**Work item**
What needs reproducing is the run of lines in the data below starting at the line with "Used 2021 Mercedes-Benz GLB 250 image 36" and ending at the line with "Toddler’s Chef Costume with Dishes", both ends included. Copy it exactly, without pictures, and add nothing.

**The input**

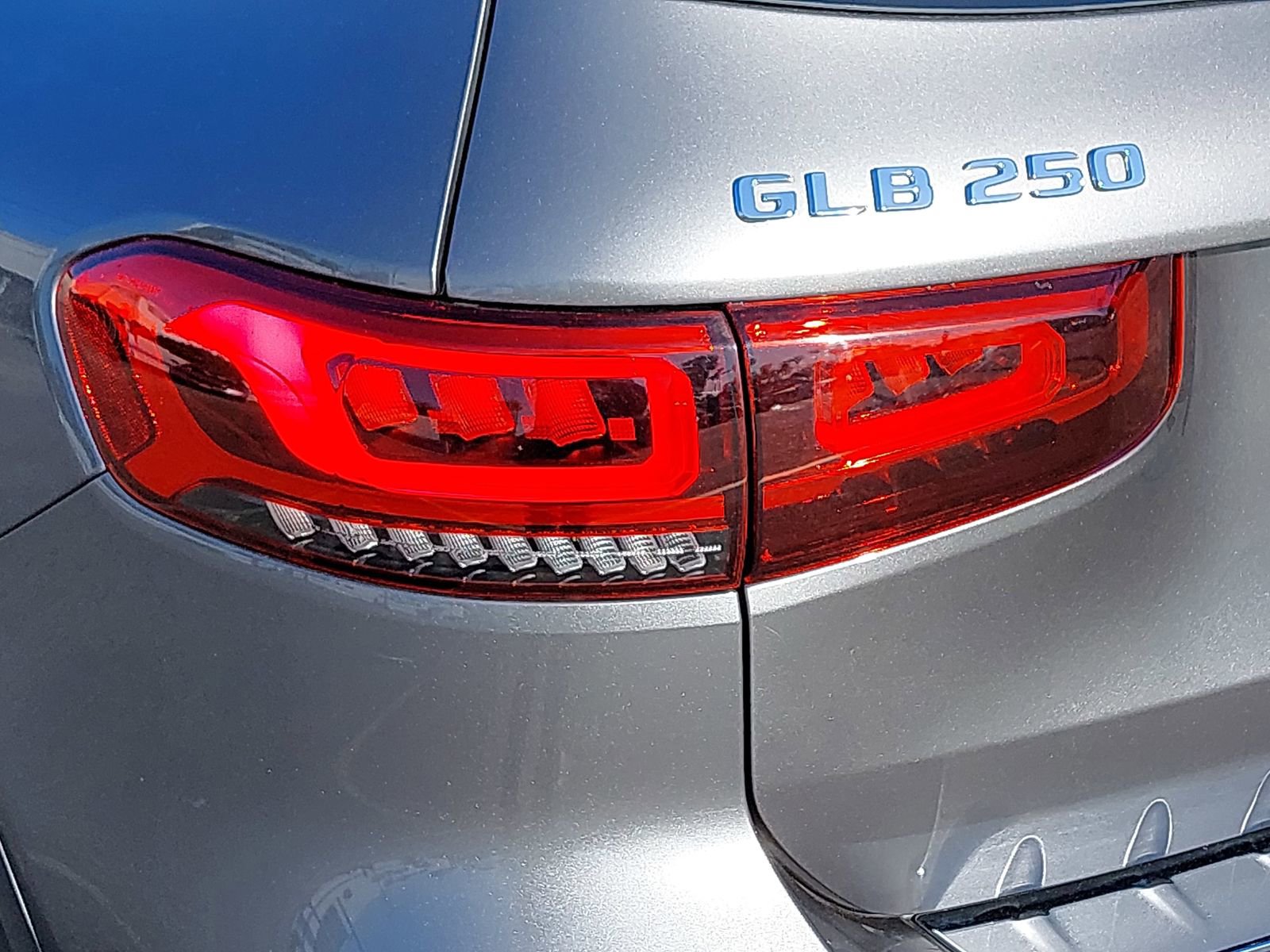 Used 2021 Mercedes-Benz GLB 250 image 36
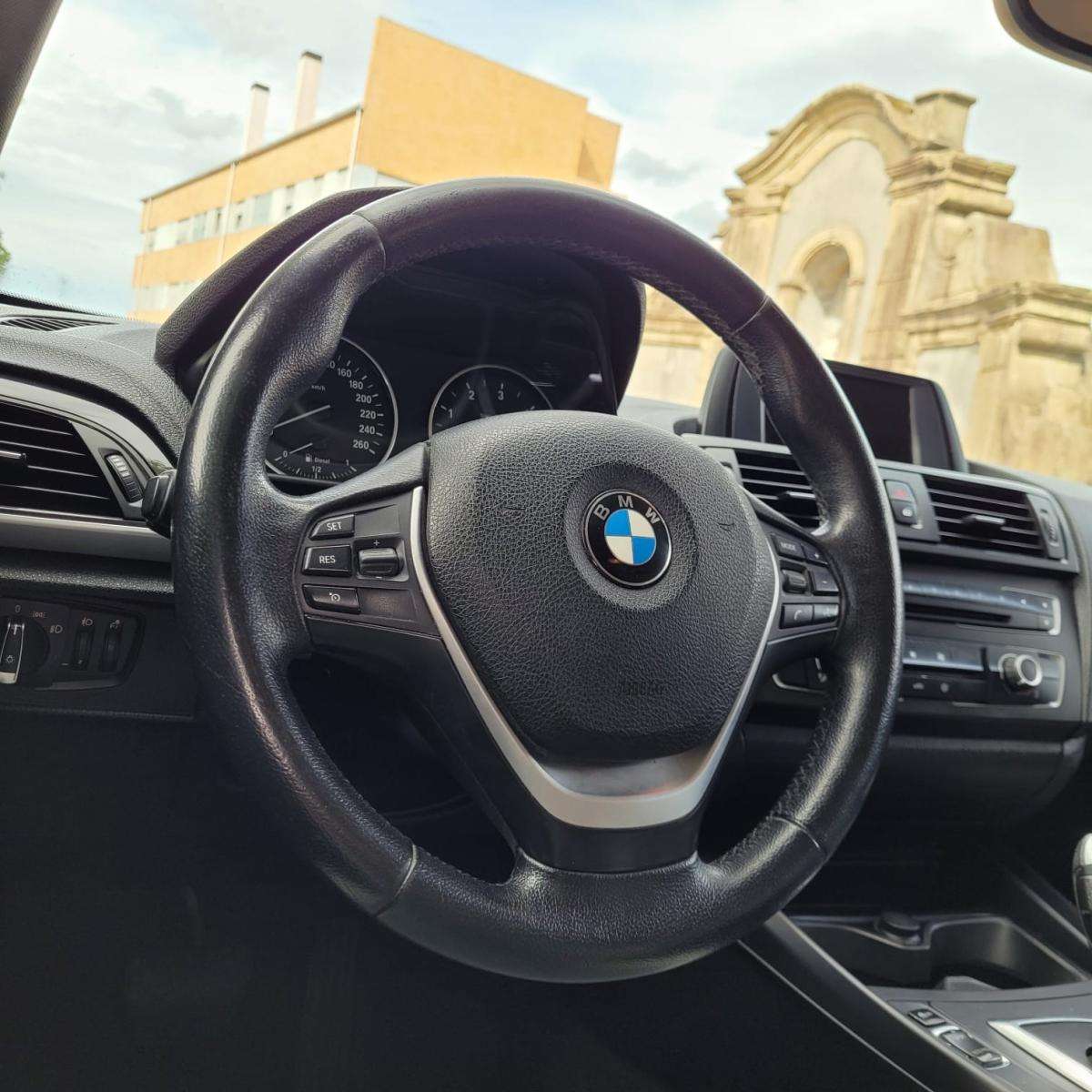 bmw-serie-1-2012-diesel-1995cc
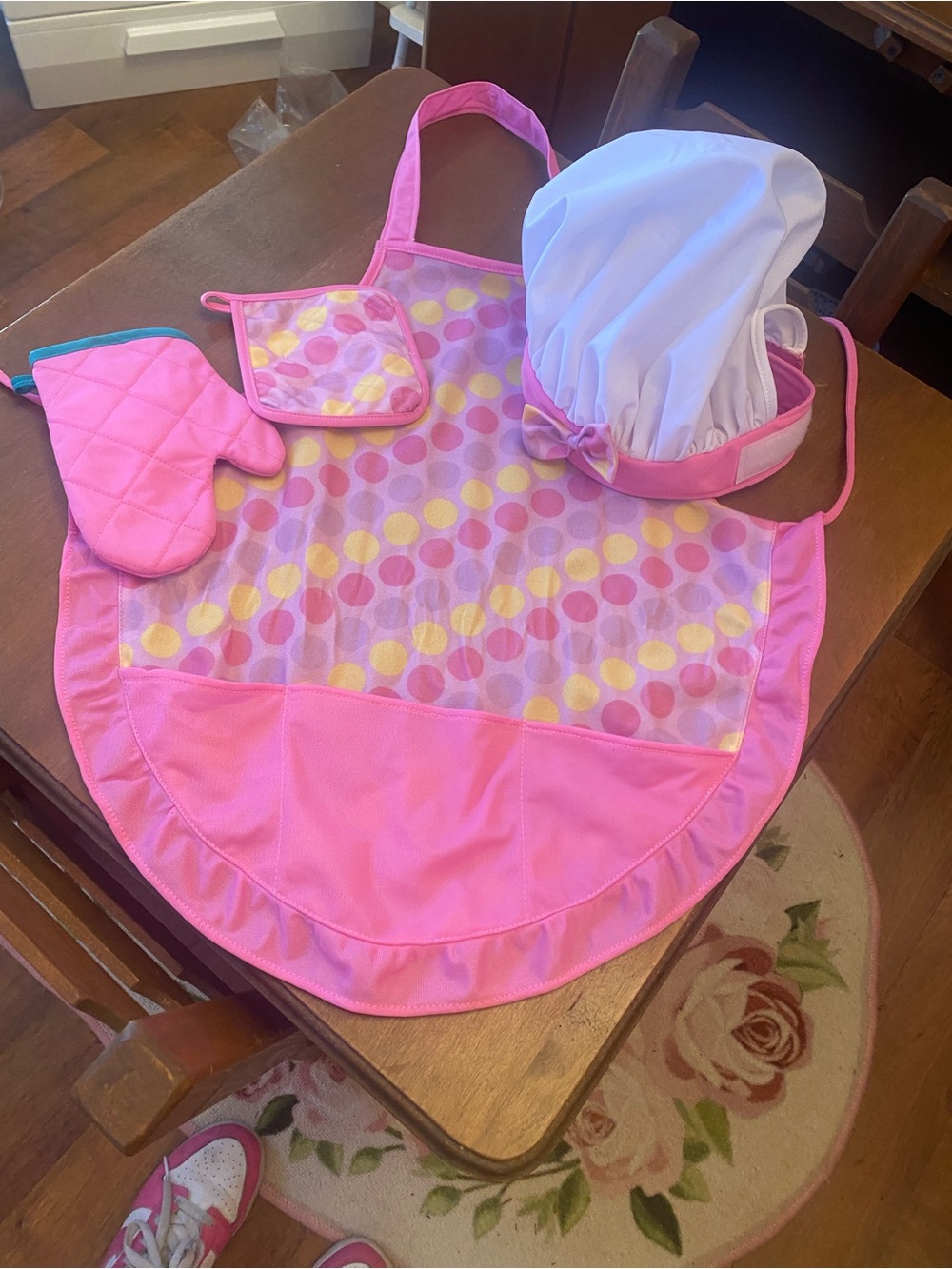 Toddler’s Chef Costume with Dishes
==
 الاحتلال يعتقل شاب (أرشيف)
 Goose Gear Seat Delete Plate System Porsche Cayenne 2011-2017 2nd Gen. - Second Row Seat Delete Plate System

**Answer area**
 Used 2021 Mercedes-Benz GLB 250 image 36
 bmw-serie-1-2012-diesel-1995cc
 Toddler’s Chef Costume with Dishes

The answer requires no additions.